The NBA Players Association’s leadership, quite frankly, has been downright miserable for the past decade and a half. Under the stewardship of former NBPA executive director Billy Hunter, the union has given in to maximum salaries depending on age, a luxury tax, an age requirement, restricted free agency, and a massive shift over in the percentage of basketball related income that heads the players’ way. The players have lost income on 48 combined games over that turn, and Hunter was forced out following the NBA’s last lockout after the players tired of his perpetual incompetency, and various other charges.
The hope, for the players at least, is that new union head Michele Roberts can right the ship. With team valuations soaring and a new lucrative television contract in the league’s future, the players are lining up behind the former trial lawyer in preparation for what will be more league-altering negotiations when the NBA’s collective bargaining agreement expires in 2017.
And if there is any gender bias on either side of the table, the first female union chief in North American major sport history will be quick to change some minds. From Andrew Keh’s feature on Roberts in the New York Times:
“I bet you can tell I’m a woman,” she said, “and I suspect the rest of the world can, too.”
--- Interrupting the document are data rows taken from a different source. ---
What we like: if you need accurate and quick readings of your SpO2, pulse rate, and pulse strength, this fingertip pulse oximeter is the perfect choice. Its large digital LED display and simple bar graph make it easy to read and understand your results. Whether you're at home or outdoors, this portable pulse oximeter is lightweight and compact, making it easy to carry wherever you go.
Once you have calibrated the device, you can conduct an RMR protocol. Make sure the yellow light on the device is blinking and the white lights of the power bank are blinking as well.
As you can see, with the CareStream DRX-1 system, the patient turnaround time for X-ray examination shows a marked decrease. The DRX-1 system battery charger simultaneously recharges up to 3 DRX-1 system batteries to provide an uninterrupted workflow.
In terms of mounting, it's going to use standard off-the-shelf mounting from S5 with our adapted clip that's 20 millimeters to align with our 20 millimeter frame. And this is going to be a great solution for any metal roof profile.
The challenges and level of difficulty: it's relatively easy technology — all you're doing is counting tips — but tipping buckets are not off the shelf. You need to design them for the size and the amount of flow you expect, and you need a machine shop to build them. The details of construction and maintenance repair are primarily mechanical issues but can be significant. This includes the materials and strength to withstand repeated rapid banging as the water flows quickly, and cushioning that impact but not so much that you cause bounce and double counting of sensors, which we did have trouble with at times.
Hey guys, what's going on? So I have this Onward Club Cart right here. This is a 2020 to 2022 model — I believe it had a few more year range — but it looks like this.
She said she was all too aware that if she was selected, she would represent several hundred male athletes in the NBA; she would deal with league officials and agents who were nearly all men; she would negotiate with team owners who were almost all men; and she would stand before reporters who were predominantly men.
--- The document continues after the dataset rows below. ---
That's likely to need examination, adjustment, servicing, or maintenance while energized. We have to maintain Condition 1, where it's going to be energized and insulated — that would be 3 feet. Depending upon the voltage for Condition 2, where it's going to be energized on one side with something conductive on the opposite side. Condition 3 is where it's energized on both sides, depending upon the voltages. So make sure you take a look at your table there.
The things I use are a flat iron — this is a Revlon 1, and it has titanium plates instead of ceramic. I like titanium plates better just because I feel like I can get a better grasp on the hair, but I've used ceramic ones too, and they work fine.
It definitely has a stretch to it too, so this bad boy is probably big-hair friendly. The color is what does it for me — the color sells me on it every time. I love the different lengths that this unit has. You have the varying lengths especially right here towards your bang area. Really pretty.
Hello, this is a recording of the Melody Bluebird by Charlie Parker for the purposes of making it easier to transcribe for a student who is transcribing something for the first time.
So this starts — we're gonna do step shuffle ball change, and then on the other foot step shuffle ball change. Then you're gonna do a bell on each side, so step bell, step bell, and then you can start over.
She did not flinch. “My past,” she told the room, “is littered with the bones of men who were foolish enough to think I was someone they could sleep on.”
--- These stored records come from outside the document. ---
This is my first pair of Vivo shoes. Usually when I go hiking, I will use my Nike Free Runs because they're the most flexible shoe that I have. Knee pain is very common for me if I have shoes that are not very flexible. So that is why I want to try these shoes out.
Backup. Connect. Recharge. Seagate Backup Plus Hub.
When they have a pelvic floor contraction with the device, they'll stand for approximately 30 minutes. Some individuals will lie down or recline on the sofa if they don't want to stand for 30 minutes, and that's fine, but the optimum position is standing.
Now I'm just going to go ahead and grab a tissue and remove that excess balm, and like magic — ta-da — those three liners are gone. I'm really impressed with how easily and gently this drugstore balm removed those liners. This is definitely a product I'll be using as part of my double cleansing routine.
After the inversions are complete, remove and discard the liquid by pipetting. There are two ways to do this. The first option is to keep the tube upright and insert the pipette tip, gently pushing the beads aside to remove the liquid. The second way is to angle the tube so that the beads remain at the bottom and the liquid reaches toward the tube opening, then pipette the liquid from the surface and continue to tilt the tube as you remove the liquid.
This isn’t posturing. The partner at Washington’s Skadden, Arps, Slate, Meagher & Flom firm didn’t get to this position by playing even with her male counterparts. It’s no secret that dedicated women have to work far, far harder in order to merely approximate the positions and (hopefully) earnings of men in what were once seen as typically male roles. Though things have slightly gotten better over the past 40 years (again, slightly), Roberts is of a generation of women that have had to work through more obstacles than males in the same position could ever conceive of.
She will have her work cut out for her, which is nothing new to Roberts. The NBPA has long been split down several lines with factions inspired by age, player agents and even shoe company endorsements. There were several fractious in-house arguments between these various groups during the 1998 and 2011 lockouts, and though leadership is improving, the retirement of Derek Fisher and eventual retirement of Roger Mason Jr will take two consistent NBPA voices out of the room.
New’ish NBA Commissioner Adam Silver may come off as a convivial sort, but it’s important to recall that he was the lead attack dog during the contentious 2011 negotiations. Though Silver won’t be as haughty as David Stern at the bargaining table, he and his often careless owners aren’t going to give back huge scads of that basketball-related income just because it’s the players’ turn at winning, and because they have proper representation for once.
If it ever gets to this point – the league and its players could come to an agreement without a lockout, as Stern and Hunter did during the summer of 2005 – the next battle will be a whopper. Just in the past 15 months three NBA teams have sold for more than $3 billion combined, and the league will continue to add to the pile of coin as the new television deal unfolds, on top of continuous repackaging of player jerseys and the like. The NBA’s players are making good money, but relative to them the NBA is making great money, and these players know it.
Enter Roberts, and skeletons be gone.